Note that the first line in each file is a header (i.e., lists the column names), so data starts from the second line.
Questions
The question that we are trying to answer is whether the 2021 winter has been unusually mild (short and/or warm). To arrive at any kind of answer, you first need to make the question more precise:
- What is “winter” in Canberra? Traditionally, winter is said to be the months of June, July and August.
- How “cold” has the winter been? You could count the number of nights with sub-zero temperature (in each month or over the whole winter), or you could compute an average (of the minimum, or of the maximum, or of the two combined somehow).
- How “long” has the winter been? You could compare the aggregate values (however you define them) between the three months. For example, is the August average minimum temperature significantly higher or lower than what it was in July?
- Is this “unusual”? With more than 10 years of data, you can see how the 2021 values (however you define them) rank compared to other years. Is it the shortest or warmest winter among the last ten?
Testing
Although there may not be a single, right answer to the questions above, there are many answers that are clearly wrong. How do you convince yourself, and others, that your code is correct when no one has given you a solution to check against and the problem has not been precisely specified? There are a number of ways:
-
First, define precisely what each part of your code should be doing. For example, if you write a function to count the number of nights with sub-zero temperature in a given month of a given year, then the value that this function should return is unambiguous, and you can check if it works correctly by counting a few cases by hand.
-
Second, sanity check! The count returned by the function in the example above should never be negative and never greater than the number of days in the month.
-
Third, cross-check. You can implement the same function in several different ways, or different functions that have a known relationship. For example, if you write a function to count the number of nights with sub-zero temperature in a given month of a given year, and another function to count the number of nights with a lowest temperature that is above zero in a given month of a given year, then the sum of the two counts should equal the number of days in that month. (Remember to adjust for leap years if the month is February!)
-
Fourth, ask someone else to look critically at your code, while you do the same with theirs. Ask them to try to find cases where it could fail, or give the wrong answer. After practicing this on someone else’s code, try it with your own. (What happens if the first or last night of the month has negative temperature? What if there is no record for some nights?)
Using Pandas DataFrame#
The best library to analyse data in csv file format is the Pandas DataFrame class, which builds on the numpy array class.

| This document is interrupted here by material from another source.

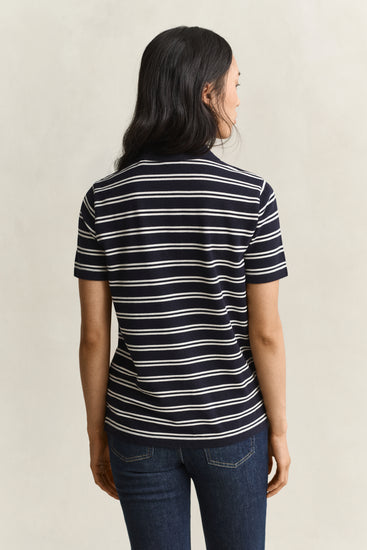 Koszulka polo damska w paski regular fit granatowa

Unlike a numpy array which is homogeneous i.e. same data type for all columns, a DataFrame suports separate types for each column, so both categorical and numerical variables can be read in and processed. Read in a csv file as follows:
import pandas as pd df = pd.read_csv(‘filename.csv’, header=0)
header is 0 indicates column names are given in row 0, as is typically the case for csv files
df.head() # show first rows and column names
See lecture notes for additional examples on indexing DataFrames.